Your task is to retype, exactly, the line containing "Embroidered tablecloth with" and every later line through the end of the listing, with pictures omitted.
DATA PROVIDED section start
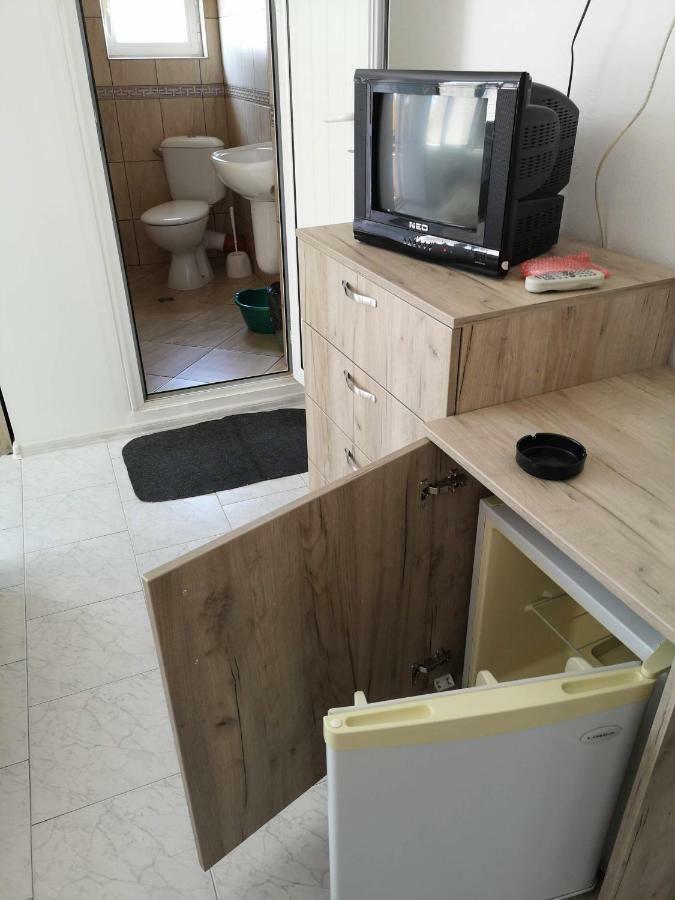 Guestrooms Stoyanovi Tsjernomorets Eksteriør bilde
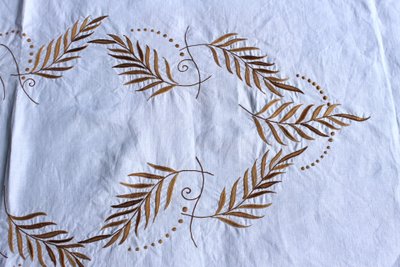 Embroidered tablecloth with fern decoration, size: 235 x 135 cm, perfect condition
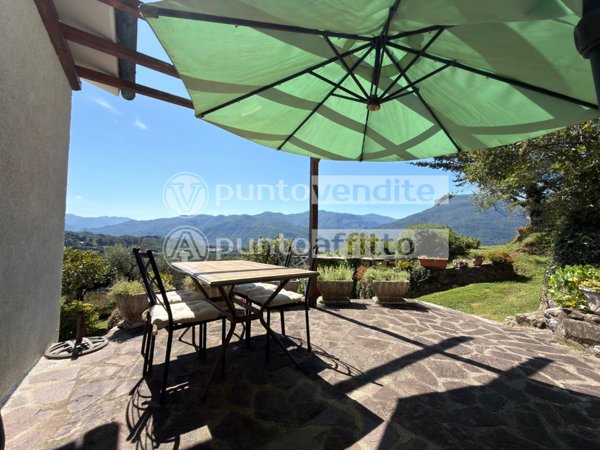 casa indipendente in vendita a Barga in zona Fornaci di Barga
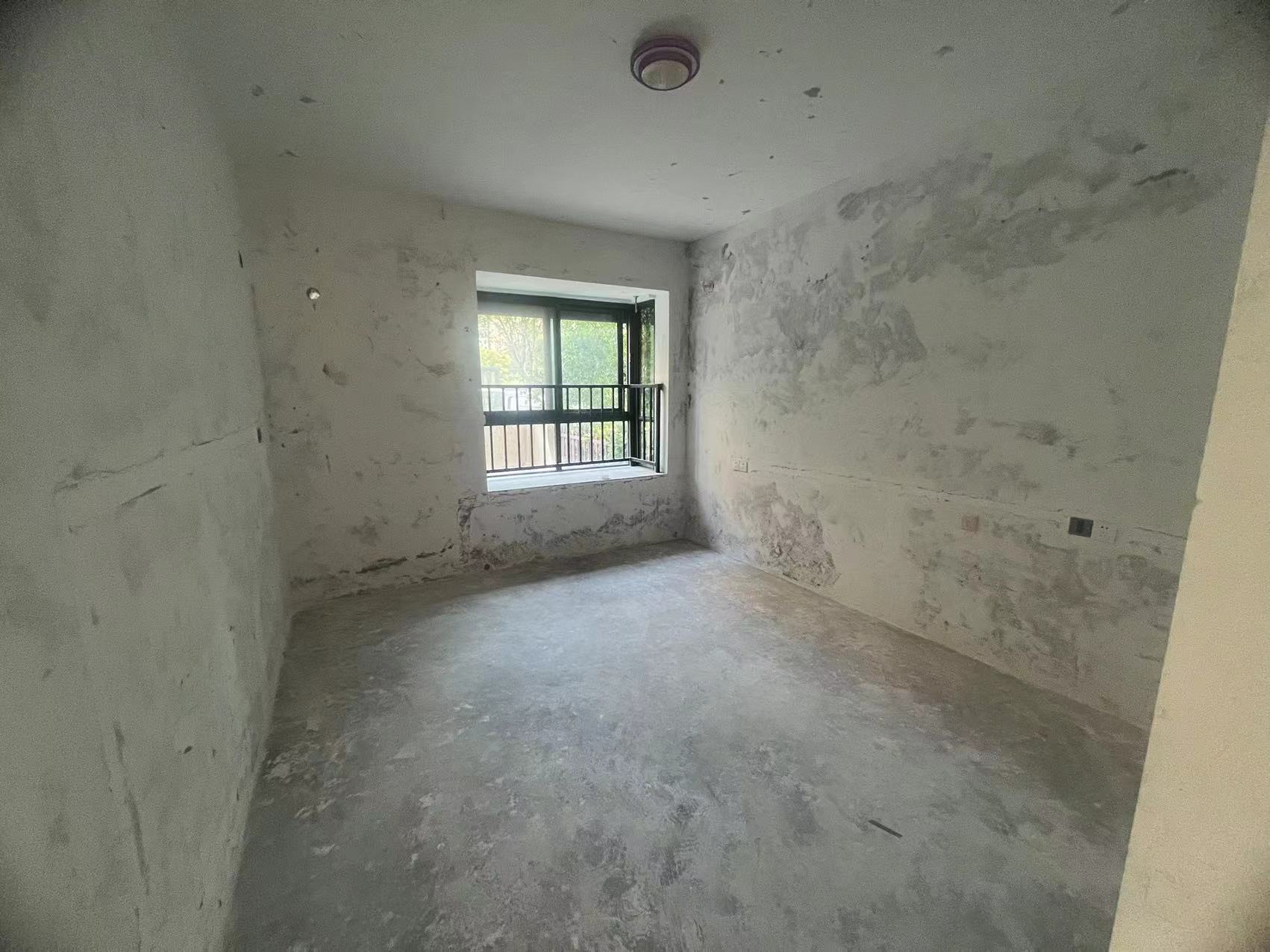 皇家花园北区 3室2厅2卫 122.62m&sup2;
DATA PROVIDED section end
OUTPUT OF THE TASK:
 Embroidered tablecloth with fern decoration, size: 235 x 135 cm, perfect condition
 casa indipendente in vendita a Barga in zona Fornaci di Barga
 皇家花园北区 3室2厅2卫 122.62m&sup2;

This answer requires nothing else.